What you are asked to do: Keep the pictures out, and restate the listing that follows exactly as written.

Information shown:
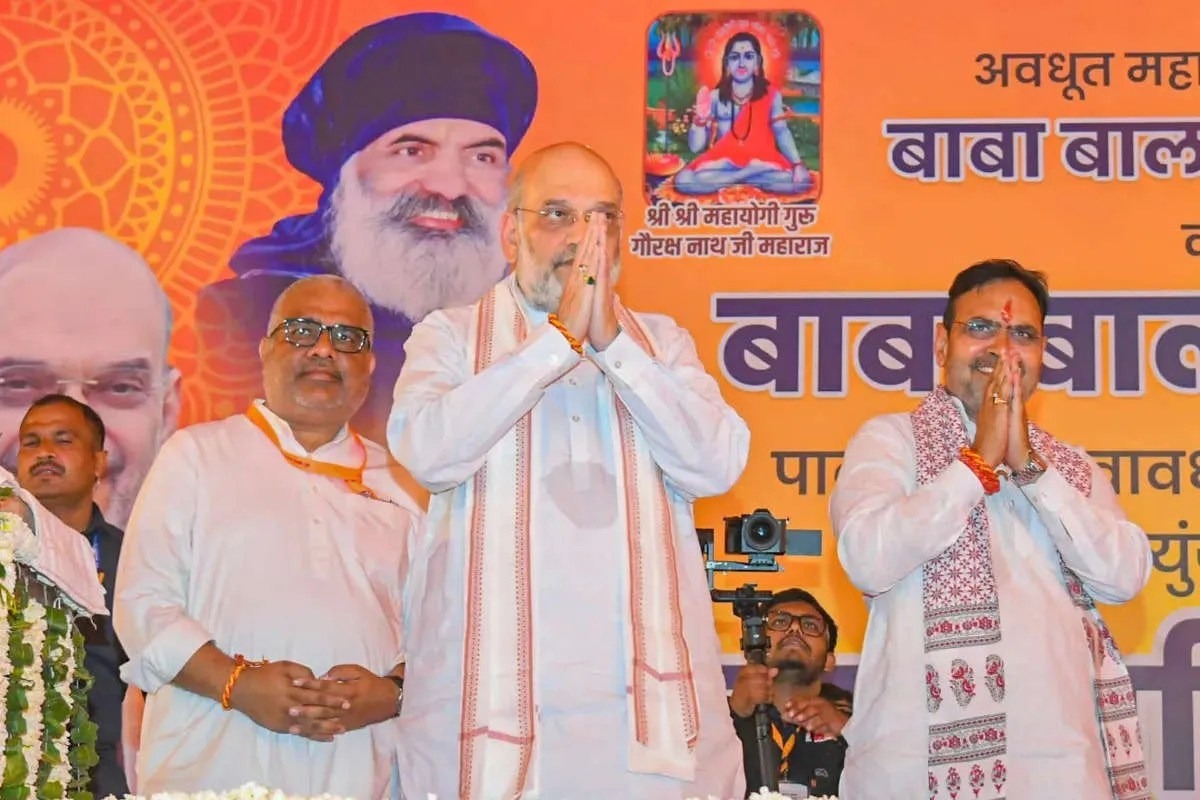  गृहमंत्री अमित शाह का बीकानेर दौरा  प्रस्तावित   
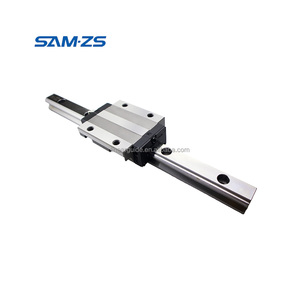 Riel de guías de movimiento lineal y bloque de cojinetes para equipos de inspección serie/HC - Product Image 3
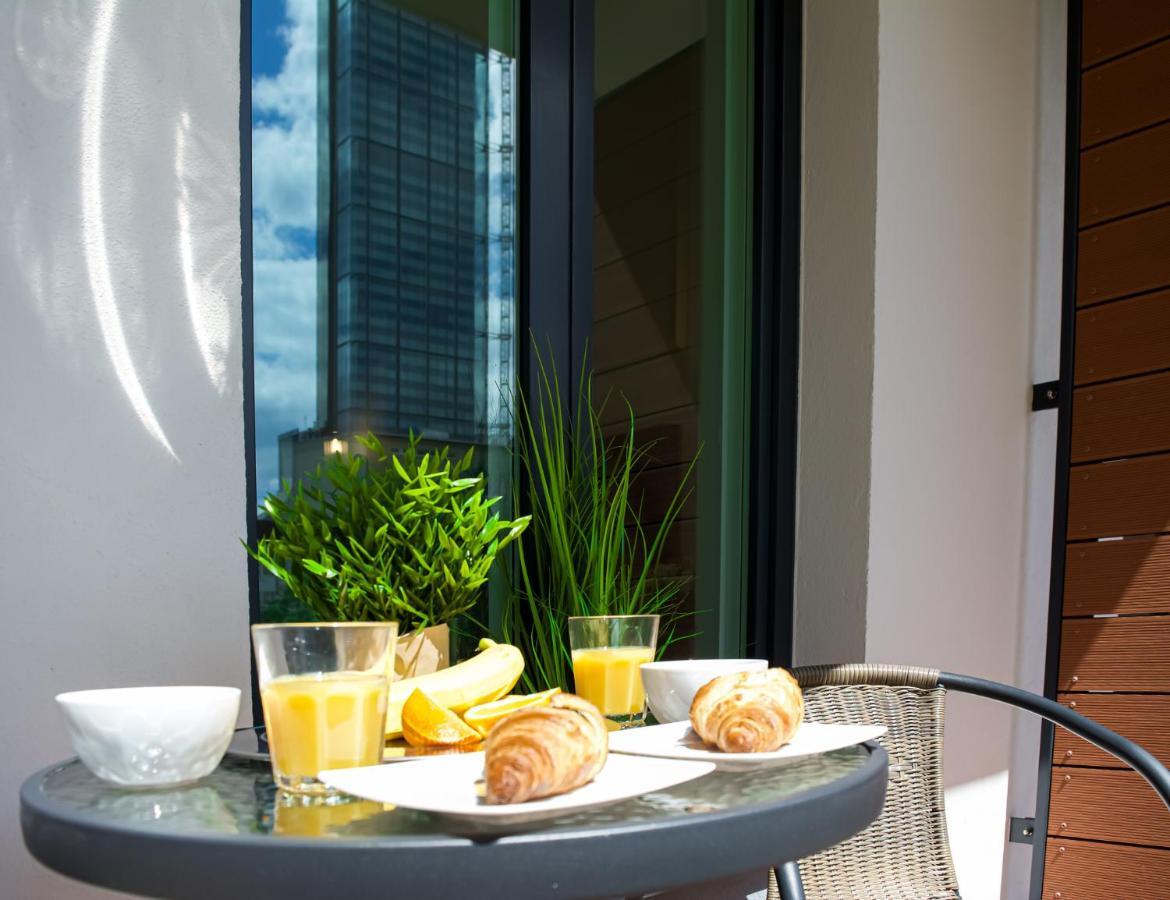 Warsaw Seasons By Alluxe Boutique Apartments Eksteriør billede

Task result:
  गृहमंत्री अमित शाह का बीकानेर दौरा  प्रस्तावित   
 Riel de guías de movimiento lineal y bloque de cojinetes para equipos de inspección serie/HC - Product Image 3
 Warsaw Seasons By Alluxe Boutique Apartments Eksteriør billede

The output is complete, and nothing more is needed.